- _Work request_
When the line containing "image of Breville" is found in the data below, give it again along with every later line, exactly; drop the pictures.

**** Input records

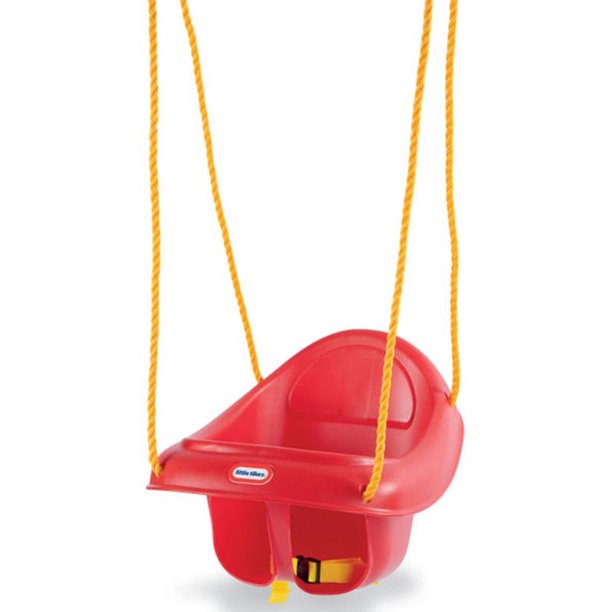 Little Tikes High Back Toddler Swing w/ Seat Belt (Red) $13.15 + Free Shipping w/ Walmart+ or $35+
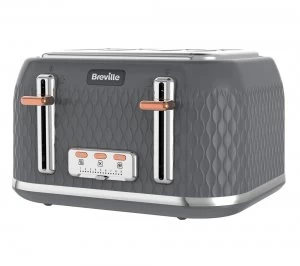 image of Breville Curve VTT912 4 Slice Toaster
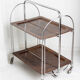 Foldable service on vintage wheels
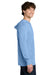 Next Level NL6221 Mens CVC Long Sleeve Hooded T-Shirt Hoodie Heather Columbia Blue Model Side
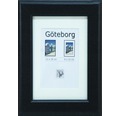 Drevený fotorámik Göteborg čierny 13x18 cm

********

- _Response_
 image of Breville Curve VTT912 4 Slice Toaster
 Foldable service on vintage wheels
 Next Level NL6221 Mens CVC Long Sleeve Hooded T-Shirt Hoodie Heather Columbia Blue Model Side
 Drevený fotorámik Göteborg čierny 13x18 cm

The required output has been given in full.